Etrusco Benci


Etrusco Benci was an Italian anti-fascist typographer who fought in the Spanish Civil War and was active in the French and Belgian Resistance.

Life

Republican activist and professional typographer, in 1935 Benci clandestinely emigrated to France. In Nice, where he had found work, he joined the Communist Party and, at the outbreak of the Spanish Civil War, was among the first to rush to the nearby Republic, where he enlisted in the anarchist formations of the POUM. Wounded in Zaragoza and decorated for his bravery, Benci returned to France after Franco's victory.

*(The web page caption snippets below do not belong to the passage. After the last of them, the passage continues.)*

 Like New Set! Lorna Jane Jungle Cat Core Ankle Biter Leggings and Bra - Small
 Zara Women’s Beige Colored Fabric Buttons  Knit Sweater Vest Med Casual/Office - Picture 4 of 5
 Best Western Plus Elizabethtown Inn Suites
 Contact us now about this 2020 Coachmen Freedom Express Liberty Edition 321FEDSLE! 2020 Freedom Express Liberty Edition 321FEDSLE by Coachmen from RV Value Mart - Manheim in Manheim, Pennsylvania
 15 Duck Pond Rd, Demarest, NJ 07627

French authorities interned him at Gurs, but he managed to escape from the camp at the beginning of World War II. With the German occupation, Benci participated in the resistance movement alongside French fighters. He then moved to Belgium to continue guerrilla activities against the Germans. Captured by the Nazis along with two hundred other Belgian partisans in February 1943, Benci was executed by firing squad on 12 June 1943.

Commemorations

Etrusco Benci is buried in the Enclosure of the executed, a cemetery for Resistance fallen in Brussels located in the municipality of Schaerbeek. In November 2018, a Stolperstein was placed in his memory at his residence at 10 Rue de la Perle in Molenbeek.
In Grosseto, a square within the city's school district has been dedicated to him. Benci is also remembered together with Albo Bellucci and Giuseppe Scopetani with a plaster bas-relief, created by Tolomeo Faccendi, located in the atrium of the Town Hall.